To be sure, Johnson & Johnson faces some challenges. The company has been embroiled in high-profile litigation on multiple fronts. Sales are falling for its former top-selling drug, Remicade, due to biosimilar competition.

However, J&J has survived and thrived through more difficult times over the last 135 years. Its overall business continues to deliver solid growth. There are few dividend stocks -- including those that aren't widely held by Robinhood investors -- that are better choices to buy and hold over the long term than Johnson & Johnson.

Pfizer

Johnson & Johnson isn't the only big pharma stock that Robinhood investors like. Pfizer (PFE 0.91%) is even more popular, currently ranking No. 14 on the trading platform's top 100 stocks list. 

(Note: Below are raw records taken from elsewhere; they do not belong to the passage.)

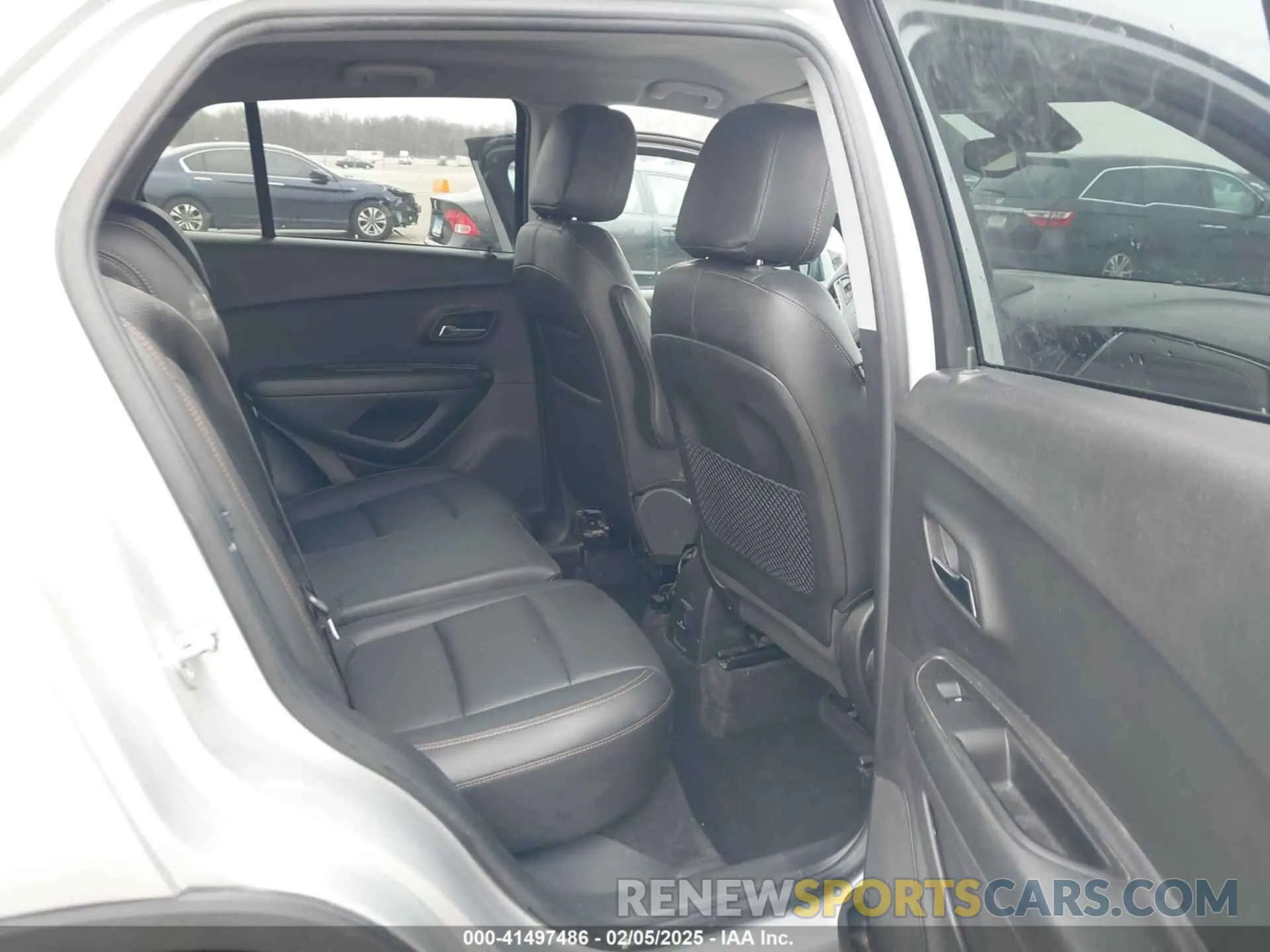 8 Photograph of a damaged car KL7CJLSBXMB310125 CHEVROLET TRAX 2021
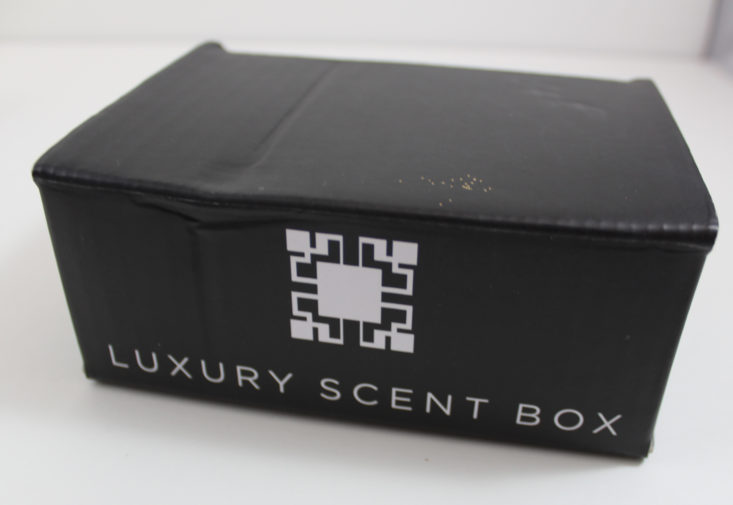 Luxury Scent Box December 2017 Box closed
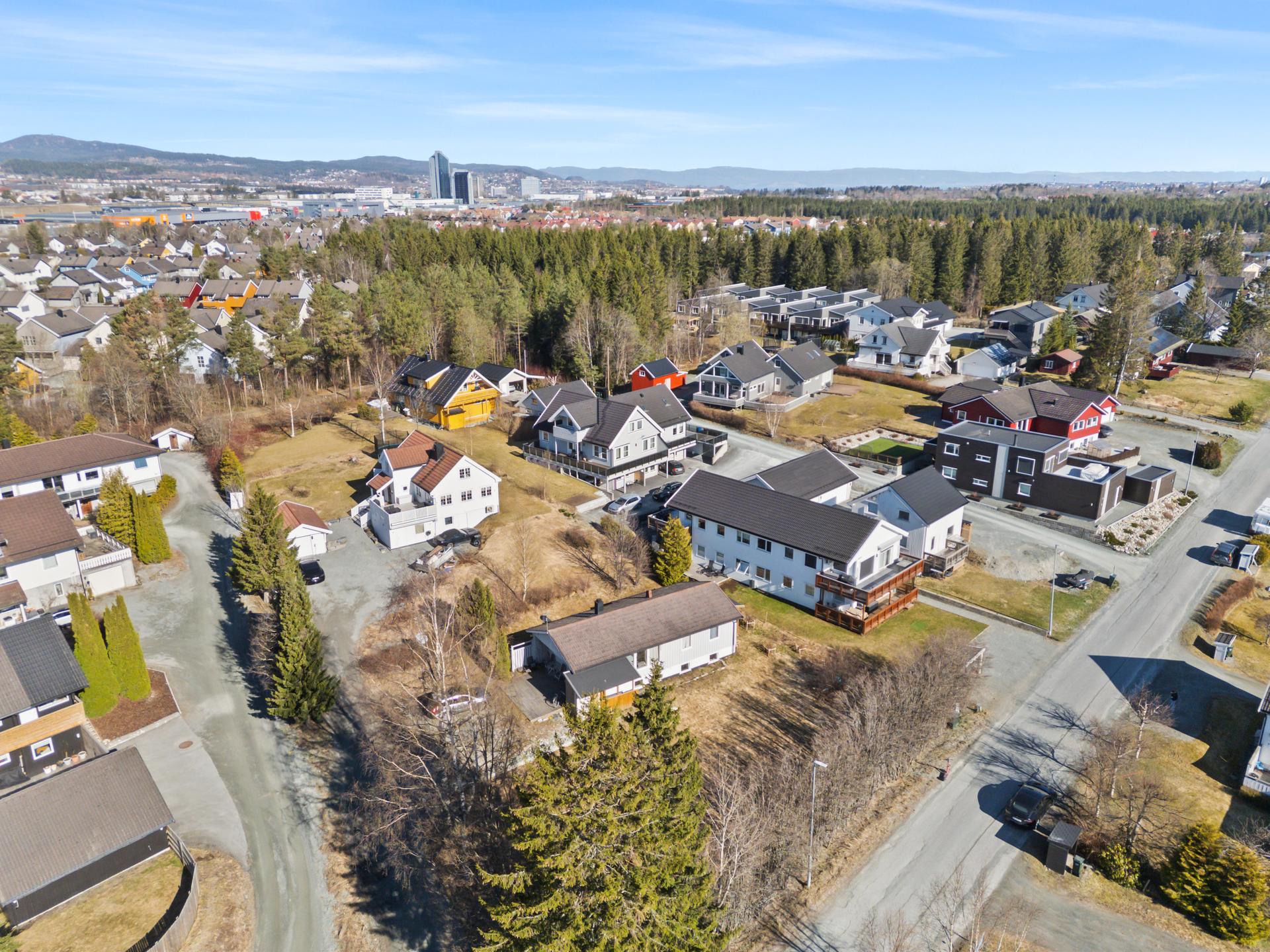 Romslig boligtomt sentralt på Tiller. Foto Mats Kalland v/Interiørfoto. Bilde nummer 1 av 3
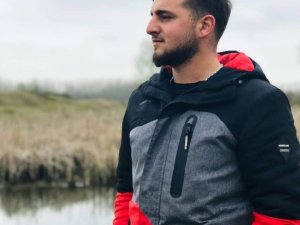 Kazada Yaralanan 20 Yaşındaki Genç Hayatını Kaybetti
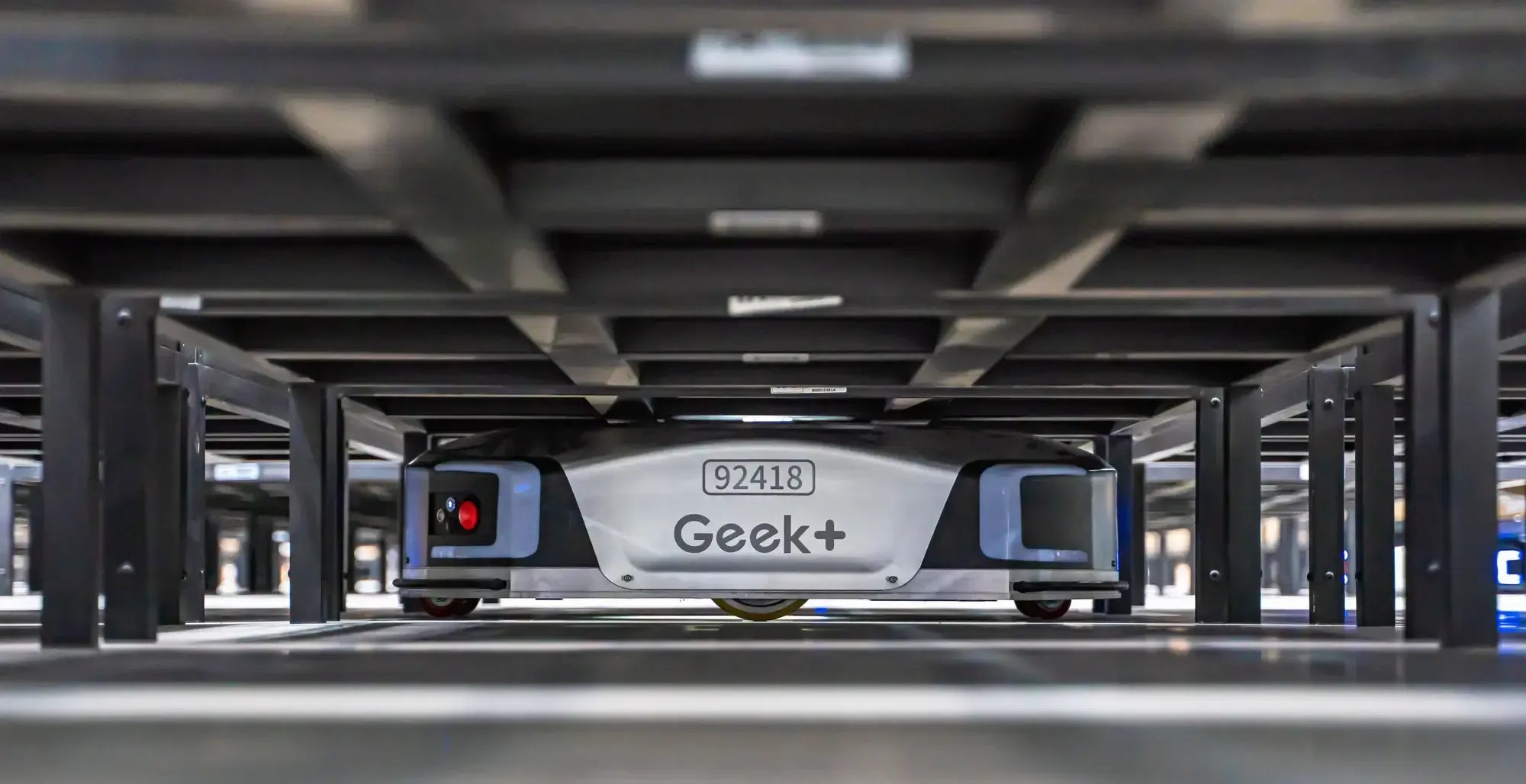 يوسن للخدمات اللوجستية تقوم بأتمتة مستودعاتها في نورثهامبتون باستخدام حل Geek+ من الرف إلى الشخص (1)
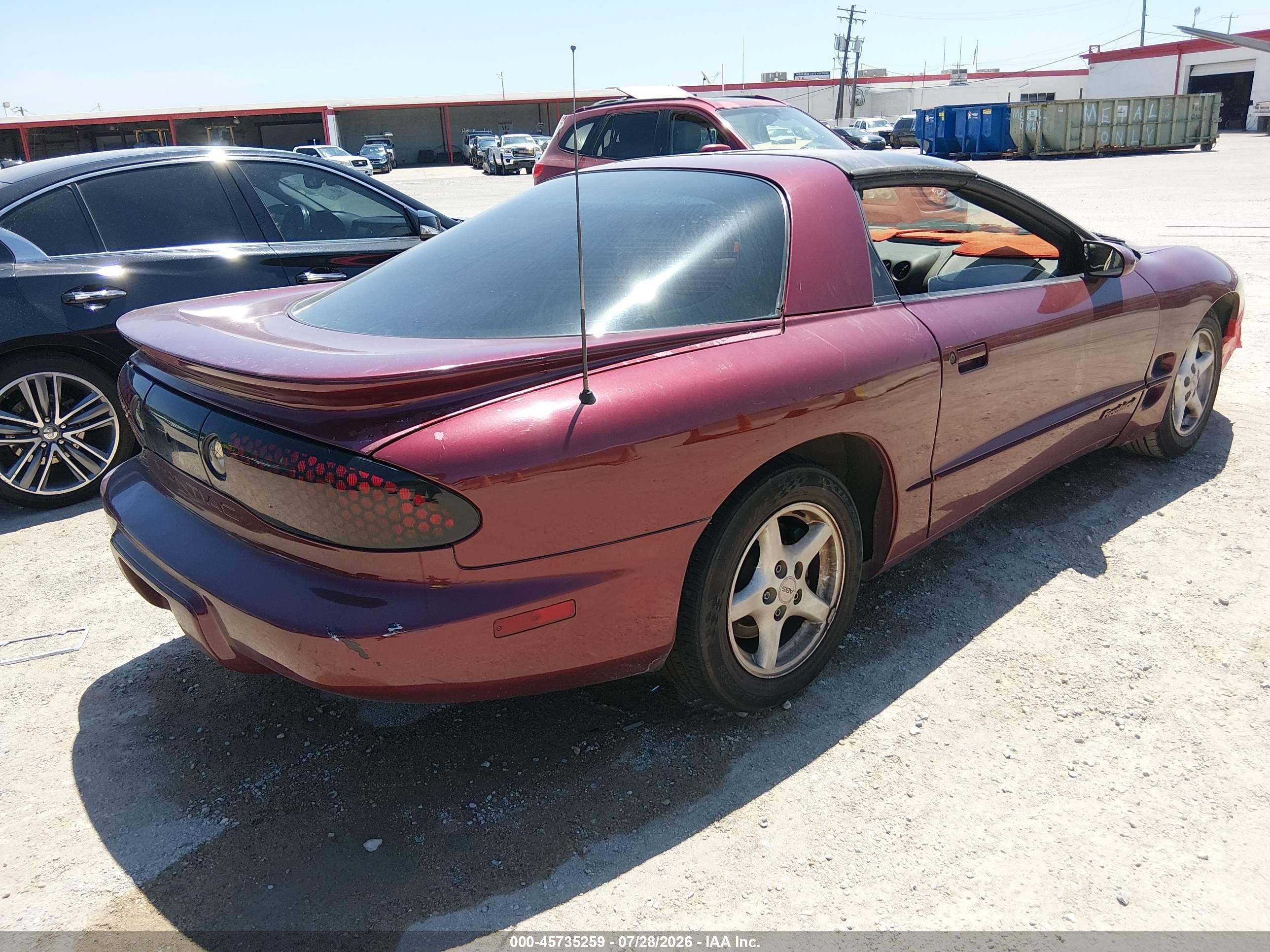 2000 Pontiac Firebird   Burgundy vin: 2G2FS22K5Y2116422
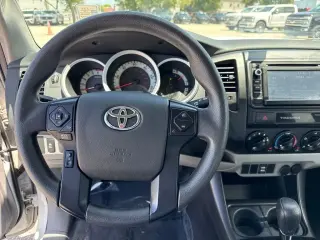 Toyota Tacoma 2015 4x2 Base 4dr Access Cab 6.1 ft SB 5M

Although Pfizer isn't a member of dividend royalty like J&J is, the company offers an attractive dividend yield of 3.3%. That yield topped 4% throughout the first several months of 2020. However, Pfizer's shares have soared over 30% year to date, causing its dividend yield to decline.

You can probably guess why Pfizer stock has performed so well. The company's COVID-19 vaccine has become a massive commercial success. Pfizer expects the vaccine will generate sales of $33.5 billion this year, with its partner BioNTech receiving half of the profits. That total will make the vaccine the biggest-selling drug or vaccine in the world.

There are some uncertainties about how long the COVID-19 vaccine gravy train will last. Some key patents for several of Pfizer's drugs also expire later this decade. However, Pfizer has other drugs that should generate strong growth. It also has a huge and growing cash stockpile that it could (and probably will) use to make acquisitions.